Enxerto de gordura na mama

O auto-enxerto de gordura (gordura transferida do próprio indivíduo, de um lugar do corpo para outro), é uma técnica utilizada há muito tempo na cirurgia plástica. Seu uso em cirurgia mamária, no entanto, sempre foi considerado um tabu sob o temor de confundir o diagnóstico do câncer de mama ou até de estimular o crescimento de tumores. Em 2009, o enxerto de gordura na mama foi considerado seguro e passou a ser usado em cirurgia mamária reconstrutiva, com o objetivo de corrigir defeitos gerados após retirada de tumores. A experiência inicial foi muito positiva, evoluindo desde pequenas correções até reconstrução total de mama pós-mastectomia apenas com enxerto de gordura.

No acompanhamento inicial das pacientes com câncer de mama tratadas com enxerto de gordura, alguns estudos levantaram novamente a suspeita de que as células de enxerto de gordura pudessem estimular o crescimento e a recidiva de tumores na mama. Entretanto, à medida que um número maior de pacientes foi acompanhado ao longo do tempo, não houve qualquer indício de que o enxerto de gordura fosse prejudicial às pacientes. E, mais do que isso, o enxerto de gordura passou a ser uma solução bastante efetiva, pouco agressiva e segura para o tratamento das sequelas do câncer.

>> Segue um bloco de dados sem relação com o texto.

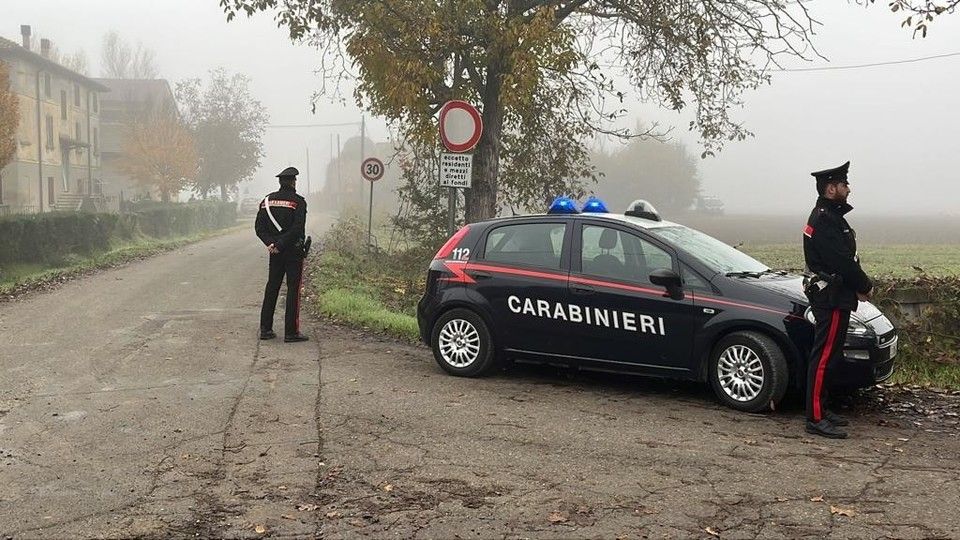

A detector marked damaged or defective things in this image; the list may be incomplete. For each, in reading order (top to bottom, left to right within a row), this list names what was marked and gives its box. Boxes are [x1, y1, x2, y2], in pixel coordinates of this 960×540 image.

cracked asphalt [1, 220, 960, 540]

Esta evolução do tratamento foi relacionada a um conhecimento mais detalhado do funcionamento das células gordurosas, incluindo a identificação de células-tronco presentes na gordura. Houve também um aprimoramento nas técnicas de coleta, preparo e injeção da gordura, o que proporcionou melhor qualidade e segurança dos resultados.

Atualmente, tanto pacientes tratadas com retirada parcial (quadrantectomias, setorectomias) como com retirada total (mastectomias) da mama podem se beneficiar do tratamento com enxerto de gordura. Nos casos de reconstrução com implantes de silicone, o enxerto de gordura contribuiu no refinamento do contorno da mama e na cobertura do silicone.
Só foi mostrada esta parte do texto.